Climate change and the warming that drives it are a function of the total amount of carbon in the atmosphere. In other words, it is a stock problem, not a flow problem, as discussed in the Introduction. Therefore, it is useful to think of emissions, and necessary emission reductions, in terms of cumulative totals rather than annual amounts. Significant action to reduce emissions will be needed throughout the 21^st century, but for simplicity and given the growing uncertainty in years further out, we focus on the necessary reductions between now and 2050.

Without additional action to reduce greenhouse gas emissions, just over two trillion tons of CO₂e will be emitted between 2016 and 2050. Although climate models vary, they show that in order to meet the 500 ppm target, cumulative total emission reductions of 25% to 55% relative to a business-as-usual scenario are necessary between 2016 and 2050.

For this book, we rely on modeling completed in 2013 as part of the Low Climate Impact Scenarios and the Implications of Required Tight Emissions Control Strategies (LIMITS) exercise. In particular we rely on the modeling done by Pacific Northwest National Laboratory and the Joint Global Change Research Institute using the Global Change Assessment Model, evaluating emissions between 2016 and 2050.

The results of the LIMITS study suggest that to have a 50/50 shot at staying under two degrees of warming we need to reduce cumulative greenhouse gas emissions by at least 41% between 2010 and 2050.
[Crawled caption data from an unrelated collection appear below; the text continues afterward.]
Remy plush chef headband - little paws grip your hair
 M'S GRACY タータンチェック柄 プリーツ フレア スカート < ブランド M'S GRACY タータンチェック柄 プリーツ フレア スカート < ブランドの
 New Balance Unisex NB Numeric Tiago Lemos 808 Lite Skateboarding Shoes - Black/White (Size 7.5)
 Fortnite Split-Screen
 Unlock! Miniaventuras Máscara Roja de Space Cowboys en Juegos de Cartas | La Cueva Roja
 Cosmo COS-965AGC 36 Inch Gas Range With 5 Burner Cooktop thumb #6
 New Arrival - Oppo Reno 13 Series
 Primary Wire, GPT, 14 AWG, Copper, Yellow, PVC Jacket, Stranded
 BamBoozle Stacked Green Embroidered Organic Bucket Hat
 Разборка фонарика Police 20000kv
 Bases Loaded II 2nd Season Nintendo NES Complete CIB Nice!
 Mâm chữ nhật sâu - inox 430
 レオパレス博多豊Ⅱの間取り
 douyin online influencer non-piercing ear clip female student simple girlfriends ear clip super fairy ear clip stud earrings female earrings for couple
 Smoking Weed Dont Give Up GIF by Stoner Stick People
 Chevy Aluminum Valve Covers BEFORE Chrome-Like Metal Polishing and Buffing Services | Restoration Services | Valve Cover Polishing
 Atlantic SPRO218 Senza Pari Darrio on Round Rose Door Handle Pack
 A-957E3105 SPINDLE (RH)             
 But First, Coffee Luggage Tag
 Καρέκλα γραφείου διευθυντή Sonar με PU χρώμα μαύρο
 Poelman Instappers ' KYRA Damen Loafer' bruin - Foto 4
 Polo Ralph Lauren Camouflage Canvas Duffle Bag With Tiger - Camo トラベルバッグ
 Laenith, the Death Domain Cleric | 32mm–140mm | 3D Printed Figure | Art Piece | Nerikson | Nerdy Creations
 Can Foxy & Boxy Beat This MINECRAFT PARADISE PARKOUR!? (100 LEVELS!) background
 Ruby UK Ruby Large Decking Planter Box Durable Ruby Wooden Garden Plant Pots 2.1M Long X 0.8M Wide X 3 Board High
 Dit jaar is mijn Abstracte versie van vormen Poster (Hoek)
This value is global; emission reductions needed from individual countries will vary, depending on their development status. For example, the most industrialized countries will need to achieve significantly deeper reductions than the 41% global number to compensate for other emerging economies with high rates of economic development.

It’s also worth noting that a 41% reduction in cumulative emissions entails much greater annual emission reductions in later years as emission reductions are phased in. In 2050, global annual emission reductions of 65% relative to business-as-usual will be necessary, with the more economically developed regions needing to achieve reductions of 70% or more.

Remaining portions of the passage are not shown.